Recorded data:
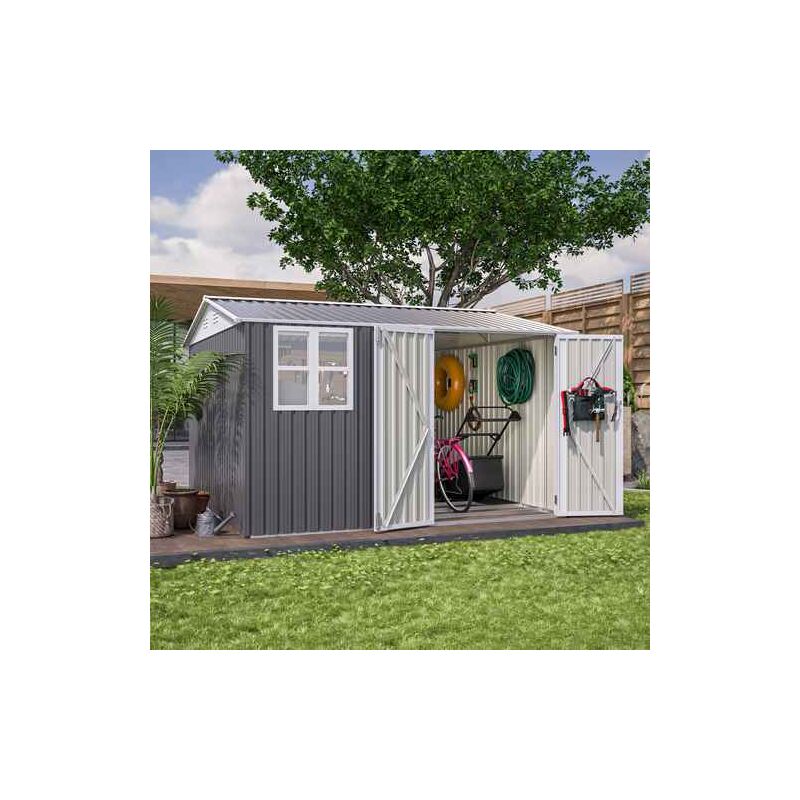 Birchtree - 10x10FT Steel Apex Garden Shed Tool Equipment Organize W/Window Door Grey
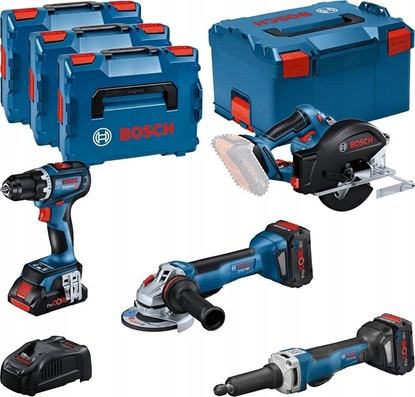 Изображение BOSCH.COMBO SET 18V (GSR 18V-90C +GWS 18V-15 PSC +GKM 18V-50 +GGS 18V-23 PLC) 1xPC4.0Ah 2xPC5.5Ah ...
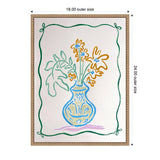 Simple line drawing of a blue and yellow floral bouquet in a patterned blue vase with green leaves, framed by a wavy green bow border on white background.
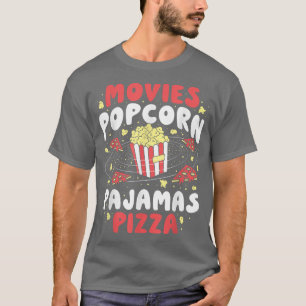 T-shirt Popcorn Lover Pizza Film regarder la nuit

Your instructions: Repeat the whole listing above word for word. Leave out the pictures.

Answer box:
 Birchtree - 10x10FT Steel Apex Garden Shed Tool Equipment Organize W/Window Door Grey
 Изображение BOSCH.COMBO SET 18V (GSR 18V-90C +GWS 18V-15 PSC +GKM 18V-50 +GGS 18V-23 PLC) 1xPC4.0Ah 2xPC5.5Ah ...
 Simple line drawing of a blue and yellow floral bouquet in a patterned blue vase with green leaves, framed by a wavy green bow border on white background.
 T-shirt Popcorn Lover Pizza Film regarder la nuit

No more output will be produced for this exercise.